The backstory is a straight last attempt at a heist of taxpayers money before the black voting block in SF becomes totally insignificant.
The black population of SF is now less than 5% of the city population and has been rapidly declining since reaching a peak of 13% in the 1970’s. Now less than 5%.
Of that 5% more than 1/3 live in public housing. Blacks have 50% of all public housing in SF despite only making up less than 15% of low income residents. Middle class blacks and those not on welfare moved out of the City long ago. To better schools and better housing.
Blacks are also greatly over represented in city jobs. The decline in the murder rate in SF has matched the decline in the city black population. At the moment 80%+ of all murders in SF are gang related and overwhelmingly black. So the same story as over in Oakland.

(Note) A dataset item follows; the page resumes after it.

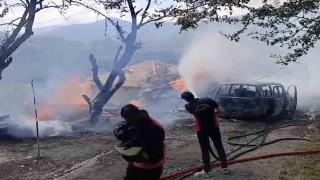 Komşusunu öldürüp evini ve aracını ateşe verdi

The “reparation” are straight fraud. The was a tiny black population in SF for the first 100 years. 1840 to 1940. Less than 1%. The vast majority of blacks now living in SF were born in SF (unlike the people who vote for Dean Preston etc) but their families all arrived in SF after 1940. Most in the 1950 and 1960’s. SF from the very beginning had large Chinese, Asian and Californios communities but the blacks arrived 100 years after everyone else. Apart from the Central American La Raza folk. Who started arriving in the 1970’s
If California blacks want “reparations” they should try the Southern states were their families originally came from. You know, The Democratic Party Slave State.
So as I said, its pure fraud. And the people pushing for it are the usual suspects. The race baiting grifters and outright fraudsters. Ripping off the taxpayers.